Jetzt wimmelte es schon seit einigen Tagen auf unsern Masten und Stengen von Menschen, die mit angestrengten Blicken nach Europa ausschauten. Eines Nachmittags, als ich meine Wache beendigt hatte und ehe ich mich in meine Koje verfügte, stieg ich nach oben, um mich nach allen Seiten umzusehen, wie dies denn nicht bloß damals, sondern zu allen Zeiten meine unverbrüchliche Weise war. Mein erster Blick nach dem östlichen Horizont hinaus zeigte mir etwas, das beinah wie eine entfernte Küste am Rande aufblickte. Dennoch stieg mir einiger Zweifel auf, ob nicht eine ähnlich gestaltete Wolke oder eine Nebelbank mich täuschte. Allein je gewisser ich mich von Jugend auf meinem falkenscharfen Gesicht anvertrauen durfte und je länger und sorgfältiger ich mir diese Erscheinung überlegte, desto zuversichtlicher ward binnen kurzem meine Überzeugung, daß ich recht gesehen hatte. Um mich her und hoch über mir saßen Matrosen, denen gleichwohl von meiner Entdeckung noch kein Schatten ahnte.

 

Auch ich schwieg still, begab mich aufs Verdeck hinunter und flüsterte unserm Obersteuermann ins Ohr: »Gelt Freund, ich sehe die englische Küste! Ich steige jetzt wieder nach oben, und wenn ich dann den Arm gerade nach dem Lande hin ausstrecke, so macht danach hier unten mit dem Kompaß die Peilung.« – Unbefangen nahm ich meinen alten Sitz im Mastkorbe wieder ein, überzeugte mich dann zuvor, ob unten mein Gehilfe mit seinem Instrumente fertig stand, und deutete nun bestimmt nach der erblickten Küste hin.
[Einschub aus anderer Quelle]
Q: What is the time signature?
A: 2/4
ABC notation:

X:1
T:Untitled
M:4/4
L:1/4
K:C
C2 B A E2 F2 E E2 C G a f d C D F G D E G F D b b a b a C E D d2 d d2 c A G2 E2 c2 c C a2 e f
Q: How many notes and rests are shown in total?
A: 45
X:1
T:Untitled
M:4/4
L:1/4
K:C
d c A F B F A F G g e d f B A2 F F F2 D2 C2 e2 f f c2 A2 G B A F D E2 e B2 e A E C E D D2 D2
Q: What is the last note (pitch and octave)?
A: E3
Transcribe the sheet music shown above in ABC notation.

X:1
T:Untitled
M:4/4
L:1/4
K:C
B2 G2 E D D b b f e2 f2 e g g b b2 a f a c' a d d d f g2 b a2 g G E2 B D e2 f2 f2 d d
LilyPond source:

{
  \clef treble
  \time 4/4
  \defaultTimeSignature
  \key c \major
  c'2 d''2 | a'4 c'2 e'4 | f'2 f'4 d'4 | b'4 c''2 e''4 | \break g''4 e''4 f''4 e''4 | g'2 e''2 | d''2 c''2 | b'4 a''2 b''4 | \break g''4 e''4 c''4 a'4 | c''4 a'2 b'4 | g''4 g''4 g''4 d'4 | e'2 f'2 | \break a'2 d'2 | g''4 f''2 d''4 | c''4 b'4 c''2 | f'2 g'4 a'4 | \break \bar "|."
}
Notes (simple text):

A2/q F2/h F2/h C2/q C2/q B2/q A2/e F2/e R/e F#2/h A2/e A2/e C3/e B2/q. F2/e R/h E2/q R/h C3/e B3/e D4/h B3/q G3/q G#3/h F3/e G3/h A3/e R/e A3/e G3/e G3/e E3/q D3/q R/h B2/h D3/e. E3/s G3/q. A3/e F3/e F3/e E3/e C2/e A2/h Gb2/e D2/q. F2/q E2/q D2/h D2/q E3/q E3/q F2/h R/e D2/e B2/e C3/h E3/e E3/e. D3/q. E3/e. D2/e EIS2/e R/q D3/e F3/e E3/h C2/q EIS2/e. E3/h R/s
Kaum nahmen meine Nachbarn umher diese Bewegung wahr, so schrien sie auch allesamt wie aus einer Kehle: »Land! Land! Land!« – aber zu spät! Ich hatte ihnen bereits vorgefischt!

 

Als ich mich wieder unten zeigte, forderte mich unser Kapitän auf, zu Herrn Polack in die Kajüte zu gehen und ihm zum Anblick von Europa zu gratulieren. Mein Ehrgefühl aber wollte es nicht zulassen, mir irgend den Schein zu geben, als habe ich mich unter die Bewerber zu seiner ausgesetzten Prämie gedrängt. Nicht so aber dieser Ehrenmann, der mich selbst zu sich hinab nötigte, mir das bestimmte Päckchen Gold in die Hand drückte und mich bat, es zu irgendeinem Andenken an ihn und diese Reise zu verwenden. Bald darauf langten wir auch glücklich im Texel an, und hier beim Abschiede wiederholte er seine Freigebigkeit noch durch ein Geschenk, wovon der Obersteuermann zwanzig, ich zehn und die sämtliche Schiffsequipage zwanzig Dukaten empfing. Am 1. Dezember (1759) erreichten wir Amsterdam, und unsre Fahrt hatte diesmal ein rundes Jahr weniger einige Tage gewährt. Von unsrer Bemannung, die vierundvierzig Köpfe betrug, hatten wir neun Menschen durch den Tod verloren.

 

Untätigkeit und träge Muße waren mir unleidlich. Ich engagierte mich daher sofort wieder als Untersteuermann auf das Schiff de goede Verwachting unter Kapitän Siewert, welches schon im Texel lag, nach St. Eustaz bestimmt war und kurz vor Anfang des Jahres 1760 die Anker lichtete. Die späte Jahreszeit ließ uns eine schwere, stürmische Fahrt in der Nordsee und im Kanal erwarten. Auch traf diese Befürchtung nur zu pünktlich ein; denn wir büßten nicht nur mehrere Segel, sondern auch Stengen und Rahen ein, und fünf Matrosen samt dem Schiffszimmermann hatten das Unglück, ohne Rettung über Bord gespült zu werden. So kamen wir in einem äußerst beschädigten Zustande in St. Eustaz an, bewirkten jedoch binnen vier Wochen unsere Ausbesserung und Rückladung und mochten kaum die Hälfte unsers Weges nach Holland zurückgelegt haben, als wir von einem englischen Kriegsschiffe genommen wurden. Die gesamte...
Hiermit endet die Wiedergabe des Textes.